Just like you learn to ride a bike with training wheels before racing, we'll master CSV files before moving to massive datasets.

### Let's Create and Play with CSV Data! 🎮

In [None]:
# Let's create our first CSV file and work with it!
import pandas as pd
import os

print("🎯 CREATING YOUR FIRST CSV FILE...")

# Let's create a CSV about your imaginary class
class_data = {
    'Student_Name': ['Alice', 'Bob', 'Charlie', 'Diana', 'Eve'],
    'Age': [10, 11, 9, 10, 11],
    'Favorite_Subject': ['Math', 'Science', 'Art', 'Math', 'Reading'],
    'Grade': [95, 87, 92, 88, 96],
    'Has_Pet': [True, True, False, True, False]
}

# Convert to DataFrame (think of it as a smart table)
df = pd.DataFrame(class_data)

print("✅ Created data for 5 students:")
print(df)

# Save it as a CSV file
csv_filename = 'my_first_dataset.csv'
df.to_csv(csv_filename, index=False)  # index=False means no row numbers
print(f"\n💾 Saved data to {csv_filename}")

# Now let's read it back (like magic!)
print("\n📖 READING THE CSV FILE BACK...")
loaded_data = pd.read_csv(csv_filename)
print("✅ Loaded data from file:")
print(loaded_data)

# Let's explore our data
print("\n🔍 EXPLORING OUR DATA...")
print(f"Number of students: {len(loaded_data)}")
print(f"Average age: {loaded_data['Age'].mean():.1f}")
print(f"Average grade: {loaded_data['Grade'].mean():.1f}")
print(f"Students with pets: {loaded_data['Has_Pet'].sum()}")

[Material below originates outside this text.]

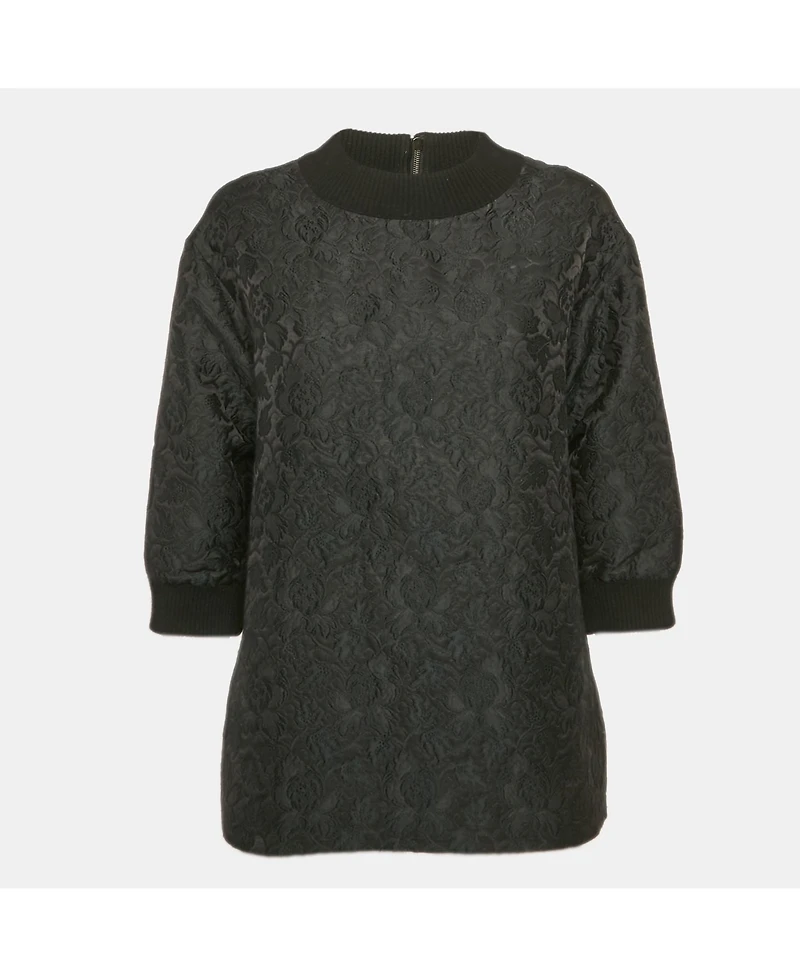 Pre-Owned Dolce & Gabbana Women's Black Jacquard Crew Neck Top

print("\n🎉 Congratulations! You just:")
print("✅ Created a dataset")
print("✅ Saved it as CSV")
print("✅ Loaded it back")
print("✅ Analyzed the data")
print("\nYou're officially a data analyst now! 📊")

# Section 5: Python Fundamentals for Big Data 🐍

Congratulations! Your Big Data environment is now running perfectly! Let's build your Python skills specifically for Big Data work.

## Why Python for Big Data?

Think of Python as your **universal translator** in the Big Data world:

- **Simple Language**: Like English vs. complicated technical jargon
- **Powerful Libraries**: Like having a toolbox with every tool you need
- **Big Data Ready**: Works with Hadoop, Spark, and all our tools

## Your Learning Path
1. **Variables & Data Types** (basic building blocks)
2. **Lists & Dictionaries** (organizing data)
3. **Functions** (reusable code recipes)
4. **File Handling** (reading/writing data)
5. **Error Handling** (dealing with problems gracefully)

Let's start building your Python foundation!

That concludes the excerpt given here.